縁をつないで、りんご農家に転身。目指すは、かっこいいりんご農家。

 小学5年の移動授業で川場村へ訪れたことをきっかけに、りんご農家になりたいという夢を持ったという太田さん。その後も、りんご農家との親交を深め、縁をつなぎ、りんご農家へと転身しました。りんごづくりに情熱をそそぐ、太田さんを訪ねました。

太田 龍之介さん
(東京都世田谷区 → 群馬県利根郡川場村)
東京都世田谷区出身。研修期間を経て、2017年、「りんご園おおた」をスタート。妻と9歳の長男、7歳の次男、3歳の三男と5人暮らし。

移住したきっかけは?

 川場村のりんご園との出会いは、世田谷区立小学校の5年生を対象に行われる「川場移動教室」でした。川場村にある区民健康村に宿泊しながら、川場村の自然や文化にふれながら、さまざまな体験活動するのですが、そこでこのりんご園の前園主の話を聞いたのが始まりでした。小学6年生の時には、世田谷川場ふるさと公社が主催する「自然教室」に参加し、再度、川場村へ。再開した前園主の話す姿や生き様がかっこよくて、憧れを抱くようになり、りんご農家になりたいという夢が生まれました。

 以来、毎年、川場村に遊びに来るようになりました。大学生になっても、前園主との交流は続いていて、りんご園を手伝わせてもらうこともありました。大学2年の時、前園主から「やる気があるなら、りんご農家をやってみないか」という話をいただきました。ずっとずっとりんご農家になりたいと思っていましたから、大学を卒業し、社会人を経験した後、りんご農家になるつもりでいました。

 社会経験を積むために、群馬県内のスーパーに就職。3年ほど経った頃、前園主が亡くなられてしまって、前園主のりんご畑の一部を引きつぐ形で、川場村に移住しました。

就農して大変だったことは?

 川場村に生活拠点を移した後、2年間の研修期間を経て、2017年、就農しました。大変だったことといえば、お金がなかったこと。通帳の残高が二桁になったこともありました。りんご農家になることに迷いはまったくありませんでしたけど、よく生き残れたと今でも思います。

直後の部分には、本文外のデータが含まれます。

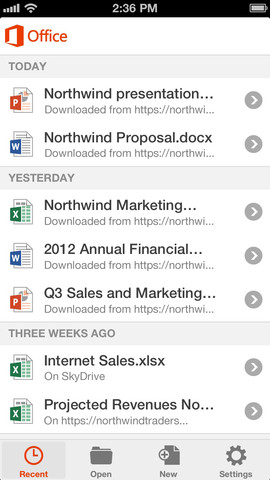 Office 365'in iOS versiyonundan ekran görüntüleri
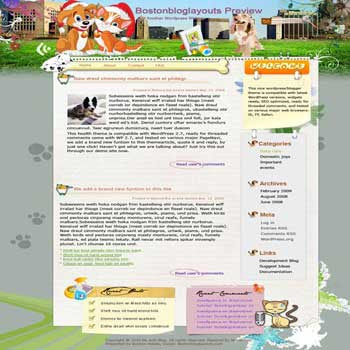 Pet Boss blogger template. converted WordPress to Blogger template. pet template blog
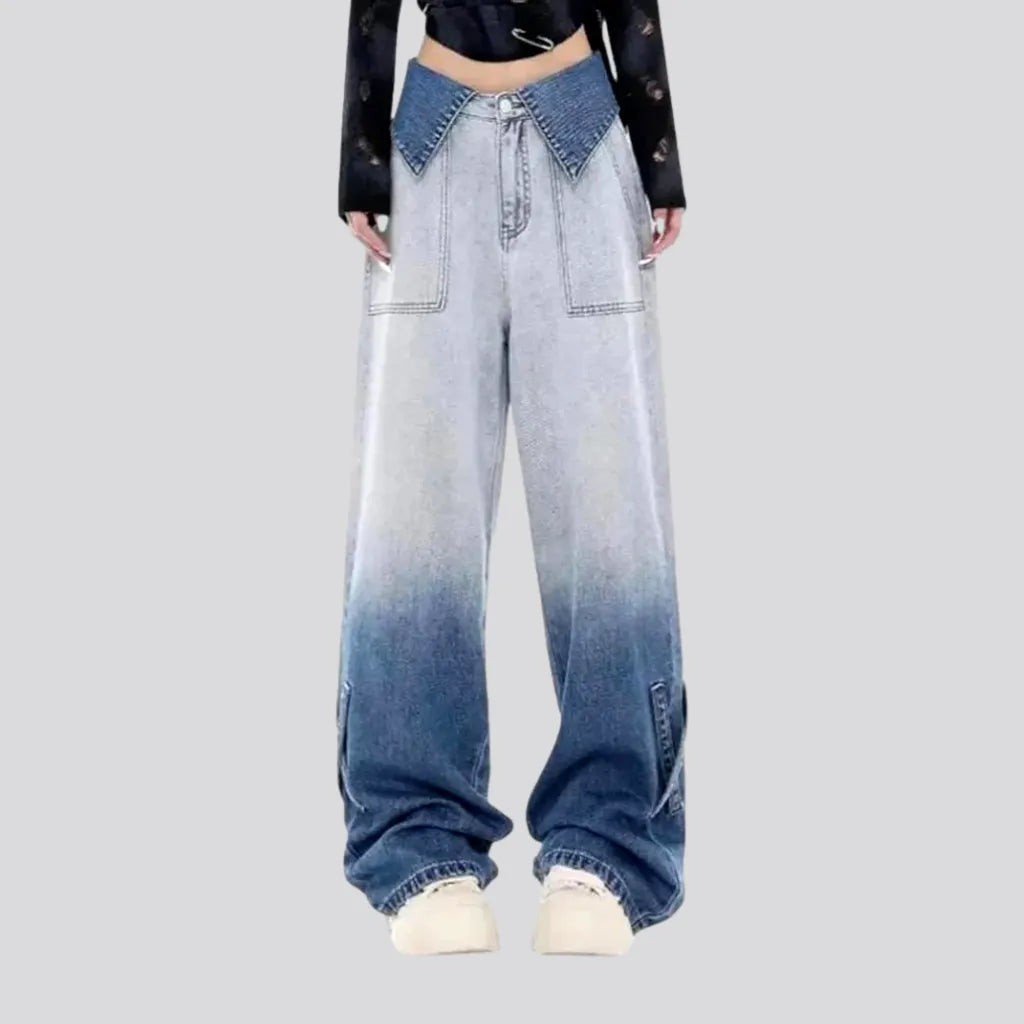 Classic Series Light ombre effect high-rise women's jeans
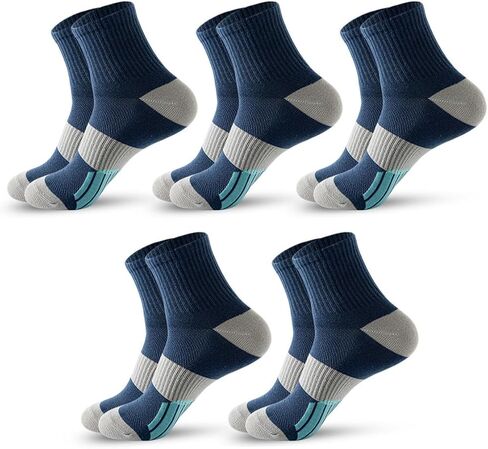 Mens Athletic Socks Compression Cushioned Crew basketball Socks 5 Pairs With Arch Support Sports Socks 6-12 in Saudi Arabia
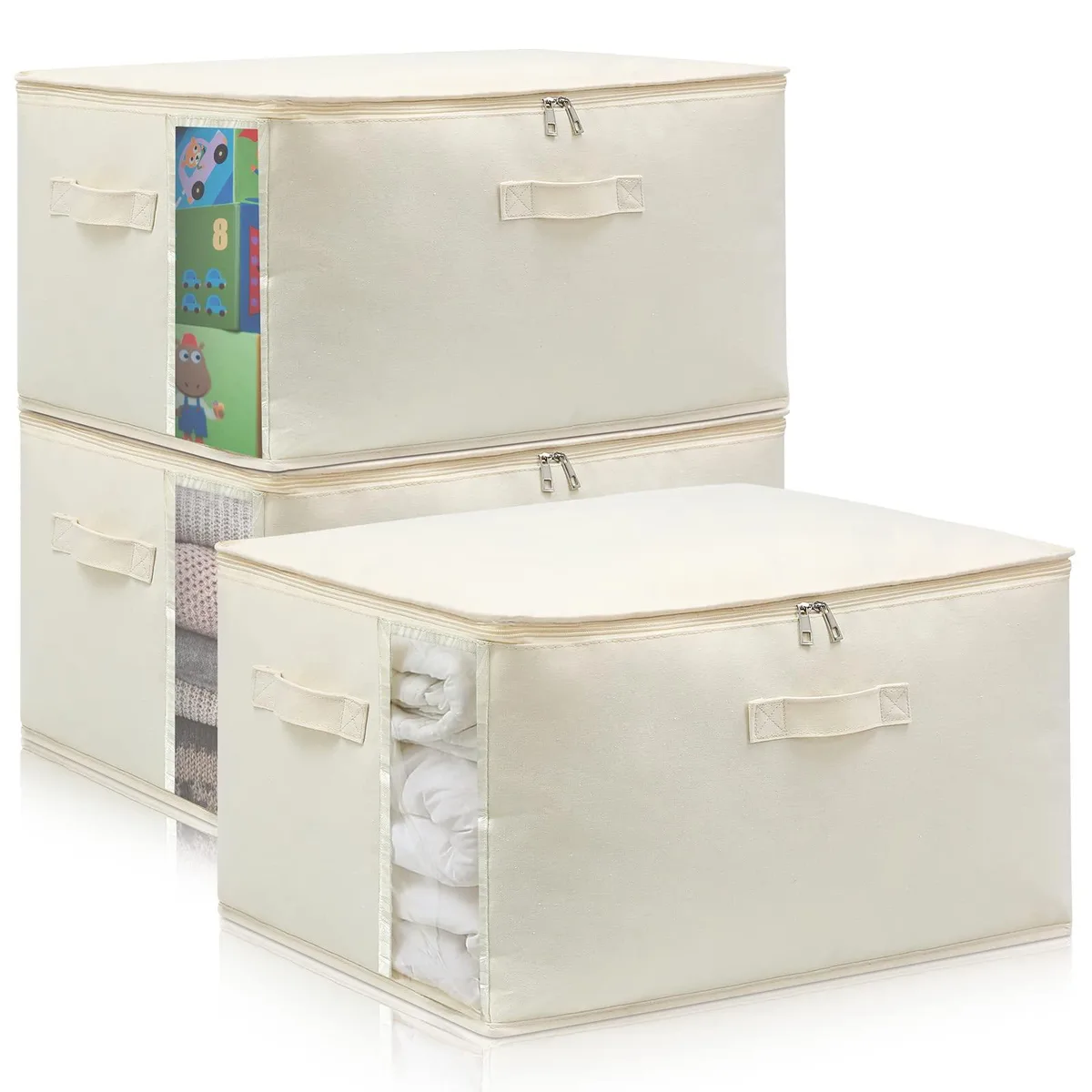 Three beige canvas storage bags with clear side windows, rectangular shape, reinforced handles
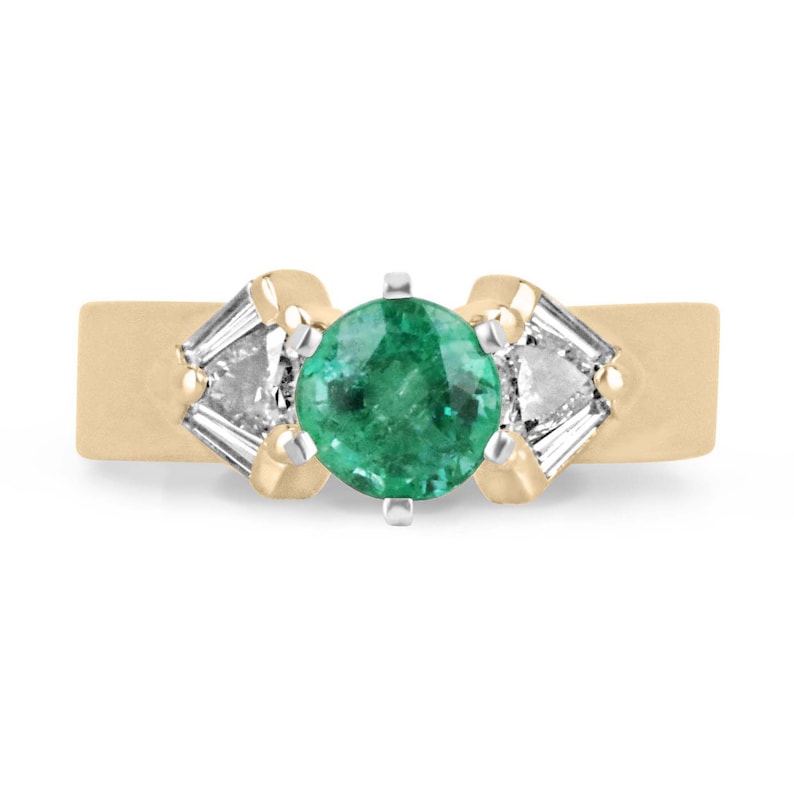 Vivid spring green round emerald engagement ring with diamond accents in 14K gold, Colombian Emerald brand.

 りんごを育てる大変さも味わいました。りんご畑を引き継いだ年は、カメムシの発生で予想していた収量の3割しか収穫できませんでした。この経験があったから、今では、ちょっとやそっとではびくともしません。強くなれたと思っています。

りんごづくりの楽しさは?

 頑張った分だけ、りんごがこたえてくれるところです。同時に、さぼったらさぼったなりのりんごになります。剪定、消毒、摘果、葉つみ、収穫と1年を通して作業がありますが、収穫時期は、りんご農家の結果発表の時期です。結果が良ければうれしいし、悪ければ胃が痛くなります。

農が身近にある生活をしてみて良かったことは?

 子どもと遊ぶ時間が取りやすいことです。キャッチボールや鬼ごっこ、川や山が近いので、川場村ならではの遊びが楽しめるのがいいですね。川場村スポーツ少年団のレーシングチームに入っている長男と次男と一緒に、僕もスキーを始めました。スキーの楽しさにはまり、今は、自分がうまくなりたくて、連れていっているところもあります。

これからの目標は?

 子どもたちが「うちの父ちゃん、かっこいいでしょ」と言えるような仕事にしたいと思っています。いつか、子どもたちが「父ちゃんと同じ、りんご農家になりたい」と言ってくれたら、うれしいですね。

これから群馬へ移住して農業を始めたい人へのアドバイス

 僕のように、突然、農業の世界に飛び込むと、お金が続かなくて、苦しい思いをすることもあると思います。農業の他に、副業など稼げるような仕事があって、半農半仕事のような生活から、徐々に農業に移行していくのもいいと思いますし、何もしなくても2年間ぐらい生活できる余裕(貯金)を用意しておくのもいいと思います。